2nd Week Flashcards
Law of demand
As the price increases the quantity demanded decreases
Law of supply
As the price increases the quantity supplied increases (ceteris paribus)
Change in demand
Shift of the curve
Change in quantity demanded
Movement along the curve
Increase in demand
-Income increases (normal good)
-Income decreases (inferior good)
-Price of a substitute rises
-Price of compliment decreases
-…
Price elasticity of demand (ped)
is a measure of how sensitive is the quantity demanded to changes in prices. (Price elasticity of demand is always negative (except when is zero))
When prices increases(ped):
Revenues will increase if the demand is inelastic.
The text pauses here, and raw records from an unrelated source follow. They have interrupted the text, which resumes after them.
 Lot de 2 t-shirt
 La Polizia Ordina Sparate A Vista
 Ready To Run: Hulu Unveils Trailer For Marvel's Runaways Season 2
Revenues will decrease if the demand is elastic.
Inelastic demand
(Ep > -1 or │Ep│< 1)
Elastic Demand
(Ep < -1 or │Ep│> 1)
Unitary
(Ep = -1 or │Ep│= 1)
INCOME DEMAND ELASTICITY
Income elasticity shows how sensitive is the quantity demanded to changes in the level of
income
Normal goods (IDE)
Normal goods: When income increases the quantity demanded also increases. So income elasticity is positive.
Luxury goods (IDE)
income elasticity is more than one
necessity goods (IDE)
income elasticity is less than one, but positive, we consider it a necessity
Inferior goods (IDE)
An inferior good shows a negative income elasticity, income and quantity demanded move in opposite directions.